La Fabrique d’expériences

Présentation
Ca raconte ca
Il semblerait qu’on soit toujours le spectateur de quelque chose – enfin, parfois. Il semblerait aussi, du moins sociologiquement depuis Rancière, que le spectateur se soit émancipé, que le sujet et l’objet c’est forcément une affaire de co-construction. Qu’on entend même le faire participer, interactivement, le spectateur. Il semblerait bien qu’on puisse y prendre du plaisir, à être spectateur – assis debout embarqué choqué séduit fasciné – mais que cette position est intenable quand le monde dans lequel nous vivons s’effondre sur lui-même, plus ou moins lentement. Que le mot fait peur à certain.e.s, et qu’il en rassure d’autres. Il semblerait que tout dépend : où on se tient, et devant quoi, au juste, comment on se place, qui parle, à qui, pourquoi, et depuis quels possibles, quelle capacité, quelle sensibilité ? Que ce mot-là en appelle de nombreux autres – observer, écouter, culture, économie, économie de l’attention, étudier, apprendre, éducation, distance, pouvoirs publics, décor, texte, imiter, témoigner, se laisser émouvoir et se laisser porter, show must go on, ennui, dialogue, réagir, prendre conscience, action... Que ce mot circule, partout, du théâtre à la rue, de la scène au réel, du temps pour soi à l’urgence politique.

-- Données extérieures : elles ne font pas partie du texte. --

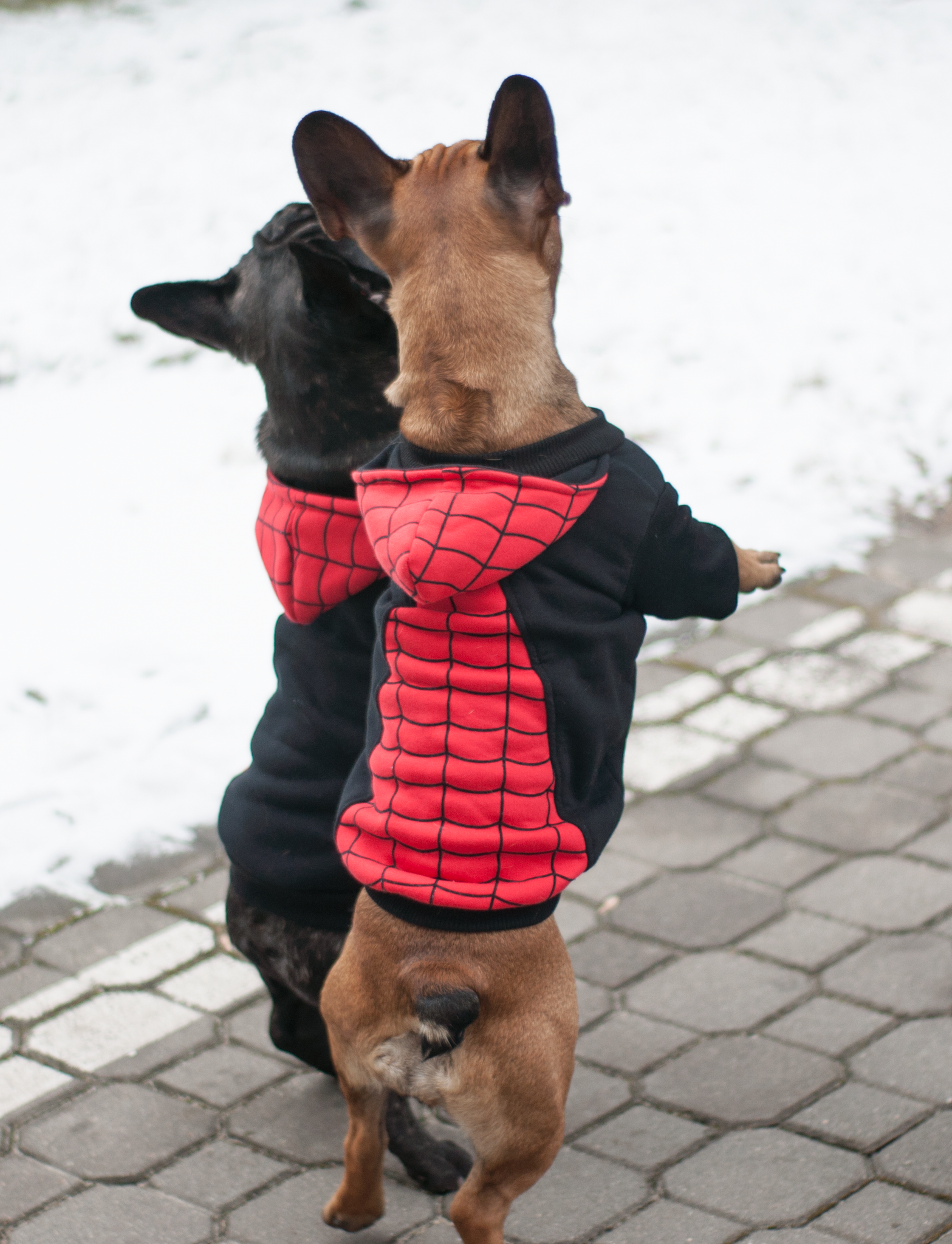 spider man dog hoodie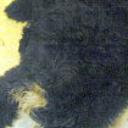 anterior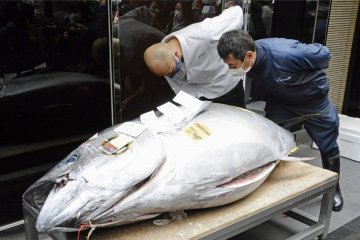 Lelang tahun baru, ikan tuna terjual 2 miliar rupiah di Tokyo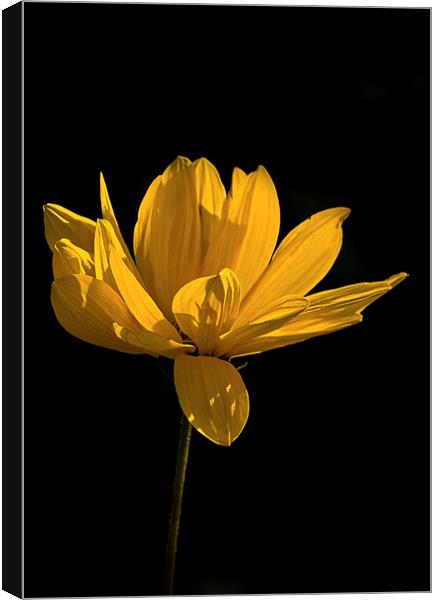  Yellow Coreopsis Flower Canvas Print by Jacqi Elmslie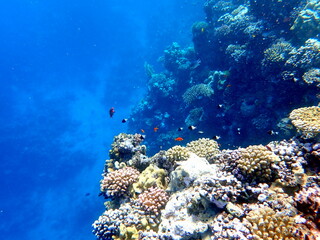 Vibrant shallow coral reef teeming with small fish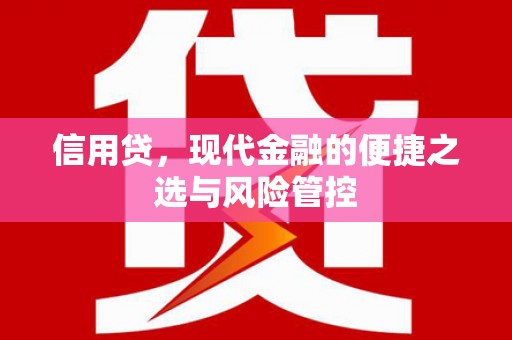 合肥信用贷，现代金融的便捷之选与风险管控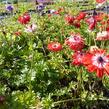 Sasanka věncová - Anemone coronaria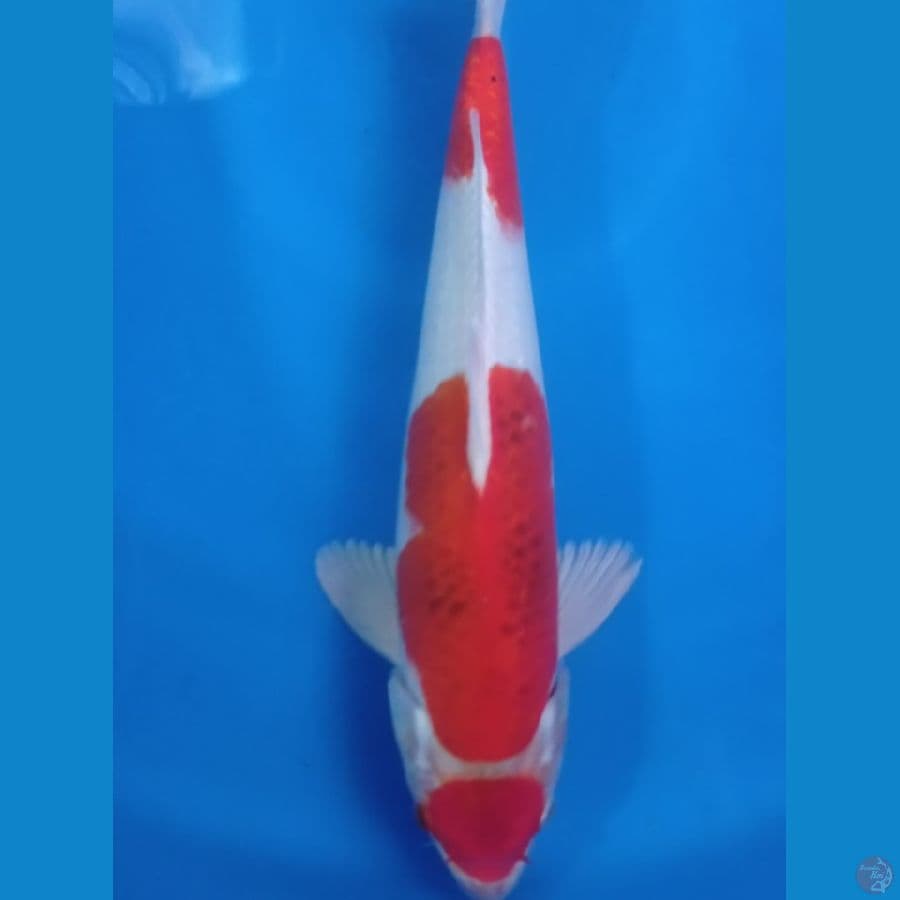 AIGOROMO METALIX 37CM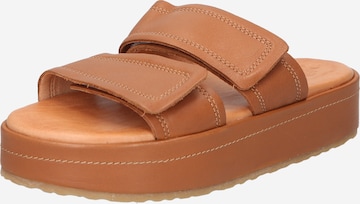 Apple of Eden Mules 'Dayana' in Brown: front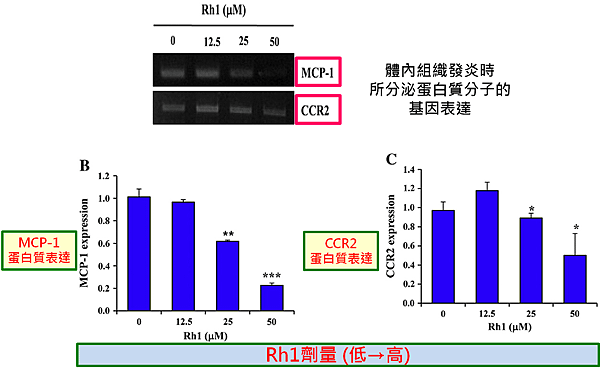 MCP-1 and CCR2.png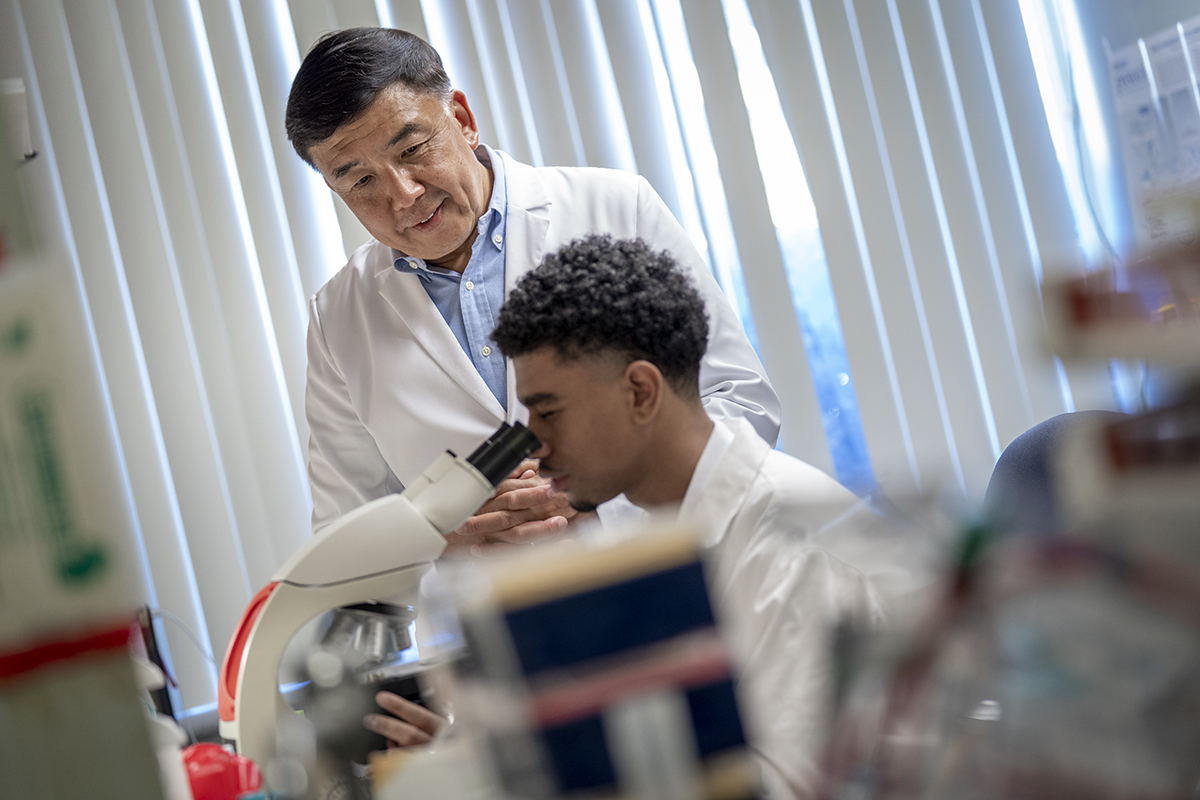 Dr. Yang Chai and student looking over a microscope in lab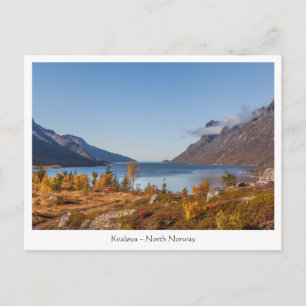 Kvaloya Island Norge Vykort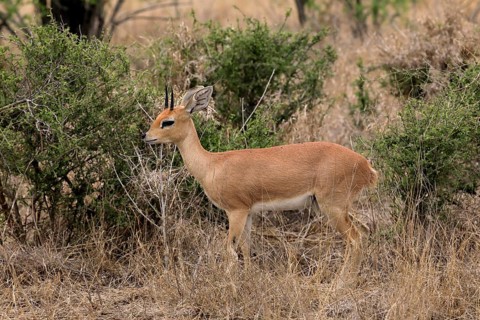 Steenbok (Raphicerus campestris), adult, male, foraging, vigilant, dwarf antelope, Kruger National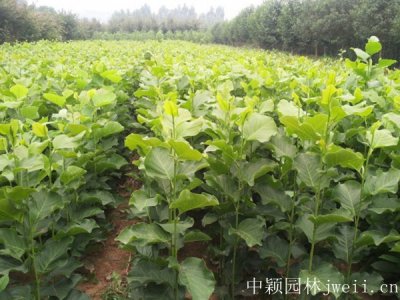 湖南适合种玉兰吗？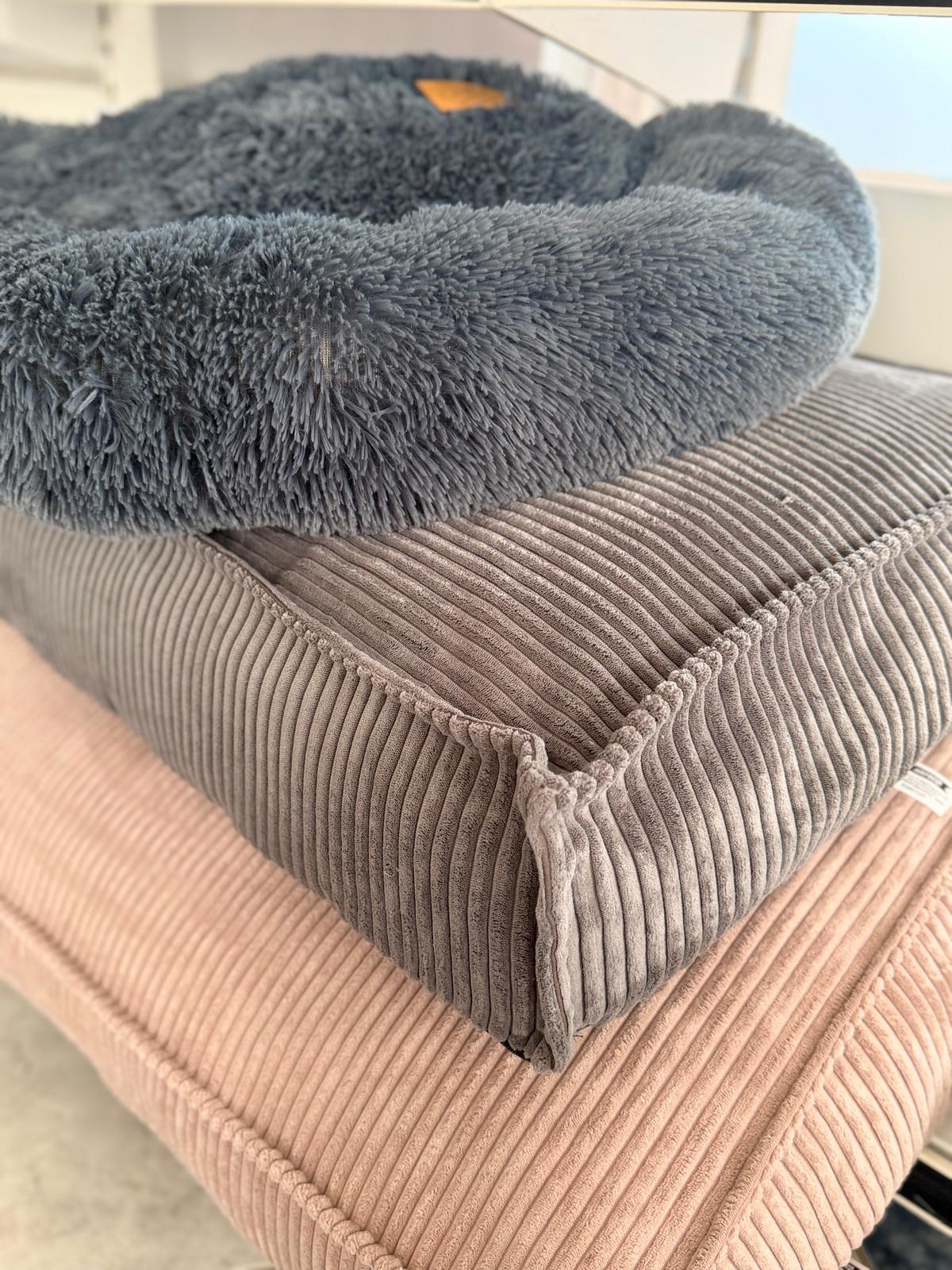 Images Mascotas Tindaya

Pas évident. Tant mieux. Ça donne du grain à moudre.
Accueilli par la MC93 à Bobigny, le Master 1 de Création littéraire de l’université Paris 8 s’est trouvé, in situ, traversé par cette notion, et a tenté de la saisir, ou de la laisser échapper, ou d’aller voir ailleurs si elle y était, aussi, ou pas. Pendant dix jours, nous avons arpenté la MC93 : rencontré les équipes, vu des spectacles de la programmation, participé aux ateliers, échangé avec des habitué.e.s du lieu, et des habitant.e.s de Bobigny... Une découverte par fragments, dans un temps très court, une expérience collective, passionnante. Qui n’a rien eu d’un huis clos : nous avons été rattrapé.e.s par les événements, le spectacle du dehors est venu bousculer l’ordre attendu des choses, pour s’infiltrer dans nos textes. « Ça raconte ça » donne à entendre cet instant -t, un moment partagé et traduit par une pluralité de regards, de pensées, de désirs et d’écritures, assemblés ici dans une série de textes lus.